由里子は自分の指先を見た。蓋を押さえていた手を離し、代わりに紙の角を揃え始めた。

「黒田さんは、長尾沢のことを話したがらない人です」

「話したがらないだけではありません。話したあとで、話していないと言うことがあります」

「それは、どういう意味でしょう」

「私が聞いたことを、記録していない。彼が言ったと覚えているのに、ノートには残っていない。本人に確認すると、そんな話はしていないと言う」

「松原さんは、眠れていらっしゃいますか」

「眠りの問題にしたいんですか」

「問題にしたいのではありません。記憶は、疲労や恐怖で形を変えます」

「知っています。だから、私は手で確かめ、写真を撮り、時刻を書いています。それでも説明がつかないものを、説明がつかないまま残している」

「説明がつかないものを、記録という形に固定してしまう危険もあります」

「固定しなければ、最初からなかったことになります」

由里子は目を伏せた。

「松原さんは、いなかったことにされた人間の話をしているんですね」

「そうです」

「誰のことですか」

「長尾沢にいた人たちです」

「全戸避難の記録があります」

「全戸避難なら、なぜ沢口家の欄だけ日付がないんですか」

由里子はすぐには答えなかった。

机の上に置かれたファイルを一冊引き寄せる。表紙には「長尾沢 災害関係」と印字されていた。由里子はそれを開き、何枚かの書類を抜いた。紙の束は整っている。
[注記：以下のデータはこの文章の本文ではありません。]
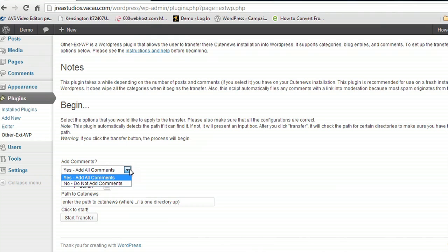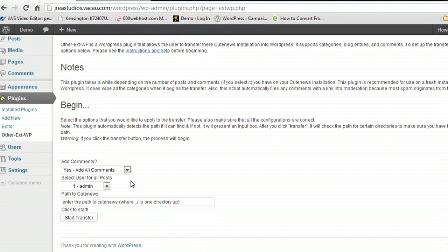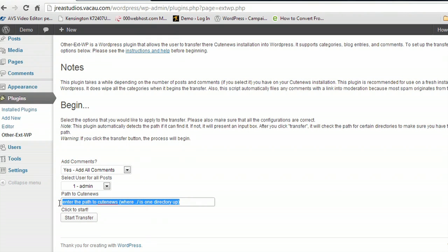Basically, you select whether or not you want your comments here. You select the user for the post, so the person that's going to be the user for the WordPress blog that's used to post these once they are converted. And then you put in your CutNews path here.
だが一枚だけ、綴じ穴の位置が違った。

「こちらは整理前の控えです。原本ではありません」

「見せてください」

「ここで確認してください。持ち出しはできません」

私は椅子へ座った。由里子は向かいに座らず、机の横に立ったままだった。

名簿には、家名、世帯主、人数、避難先、確認日が並んでいる。ほとんどの欄は埋まっていた。数字の筆跡も、日付の形式も揃えられている。けれど沢口家の行だけ、確認日の欄が空いていた。

世帯主の名前の下に、家族欄がある。

二本の横線が引かれていた。

一つには、薄い削り跡が残っている。もう一つは白紙だった。

「この線は、もともと二人分の記入欄ですか」

「家族が二人いたという意味ではありません。整理のために、人数分の線を引くことがあります」

「では、なぜ一つだけ削られているんですか」

「訂正されたのでしょう」

「何を訂正したんですか」

「分かりません」

「斎藤さん」

「分かりません」

由里子は丁寧に同じ言葉を繰り返した。けれど、その声には、事務的な拒否より疲れがあった。

私は紙へ顔を近づけた。

削られた欄には、文字の下半分が残っている。最初の字は「松」に似ていた。二文字目は、縦に長い線と、沈み込んだ最後の一画だけが見える。

指先が冷えた。

その紙の上に、自分の名前が書かれているように見えた。正確には、書かれていない名前の形が、私の手の中へ入り込んでくるようだった。

「この名前は、何と読めますか」

「読めません」

「読める範囲で答えてください」

「松原、という姓に似ているようには見えます」

「名は?」

由里子は黙った。

「私の旧名に似ています」

「……そうですか」

「知っていたんですか」

「何をでしょう」

「私の旧名です」

由里子は紙の角を揃えた。何度も合わせ、ずれを直し、それでも紙はまっすぐにならない。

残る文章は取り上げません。